Taylor Jenkins Reid’s “The Seven Husbands of Evelyn Hugo” has been hanging around on my TBR list forever and a day. I picked it up a while back on Indie Bookstore Day while shopping Page One in Evanston, IL — I know from other TJR fans how much they love this book and while I had a few others of hers under my belt, for some reason I just hadn’t gotten to this yet.
And it’s the perfectly delicious kind of soapy Bravo story to break up a streak of heavy drama and dark dystopian reads.
Evelyn Hugo is cinema’s vampy It Girl from the late 1950s through to the 1980s — an actress that used both her brain, her body and her questionable ethics to get ahead, to endure and to succeed at finally embracing her true self, before taking one last shot at clearing her conscience in sharing her life story with a talented-yet-struggling writer.

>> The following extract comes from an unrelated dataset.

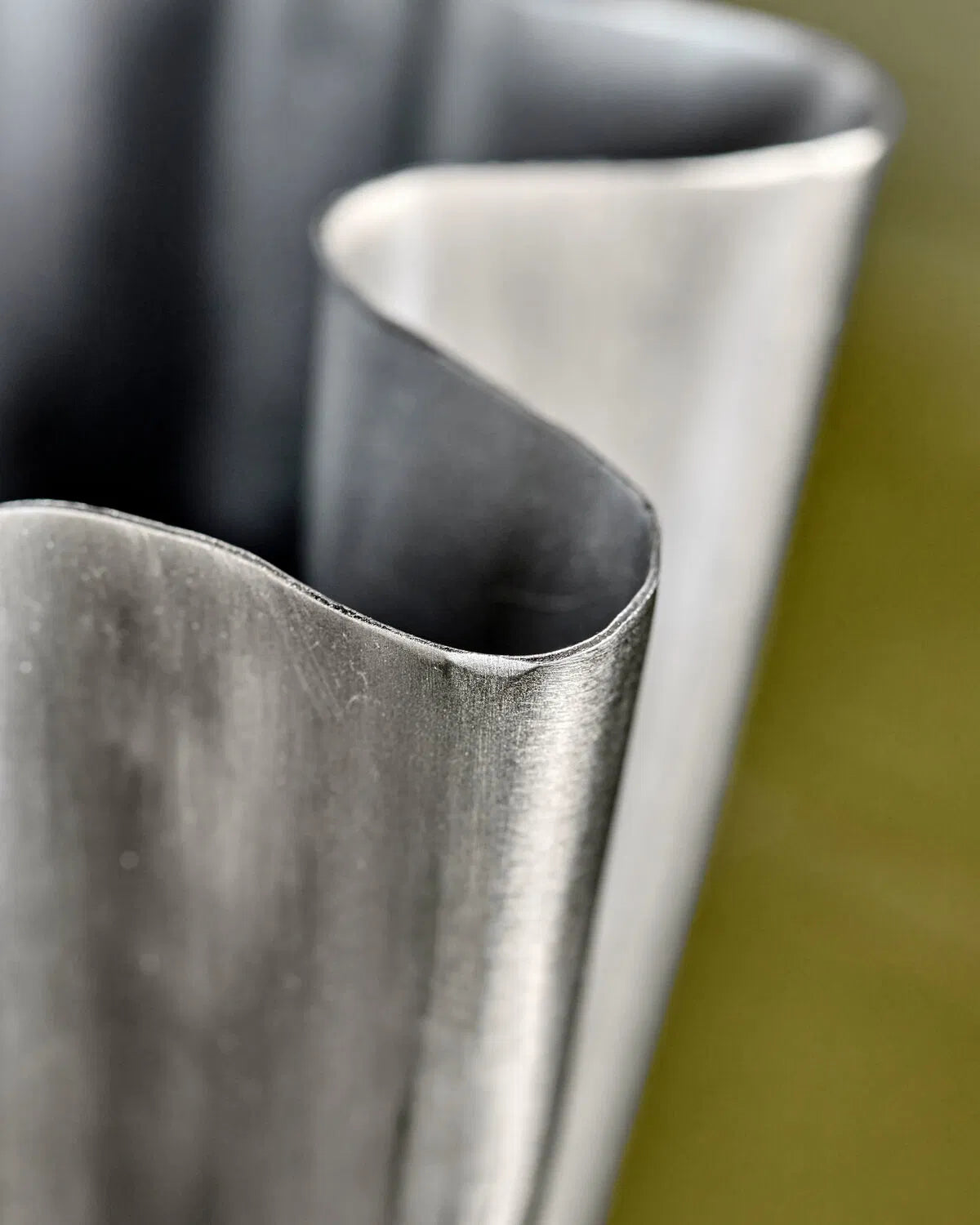 A close up image of the curves on the edge of a small, brushed silver flood vase.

That writer is Monique Grant, and while her story generally takes a backseat to Evelyn’s, it’s no less important in the overall narrative — that being the many forms love takes throughout our lives. Whether it’s familial, friendly or fiery, those relationships centered in commitment are at the forefront of “Evelyn Hugo.”
One doesn’t have anything to do with the other, but I found myself thinking about this book while reading it and comparing it to a podcast my daughter got me hooked on — “Normal Gossip.” Evelyn’s life is one episode of that podcast after another — each husband another character in her cast, and with each relationship, I found myself asking myself who I thought the villain was, as Normal Gossip’s hosts do. I think one of the keys to this book’s compelling nature is through each piece of this tale, the villain changes — at least for me. That’s what kept me turning the pages, for sure — never knowing who, at the end of a section about one husband, was going to be the reason there was going to be another section, and another husband.
I loved this book, loved its gossipy nature, and loved its messy ending. I, like the rest of TJR’s fans, will wait anxiously to see if and when Netflix gets the ball rolling on an adaptation. It’s a perfect long weekend read and sure to get book clubs talking, if you haven’t dissected this one already.
Happy Fall, y’all.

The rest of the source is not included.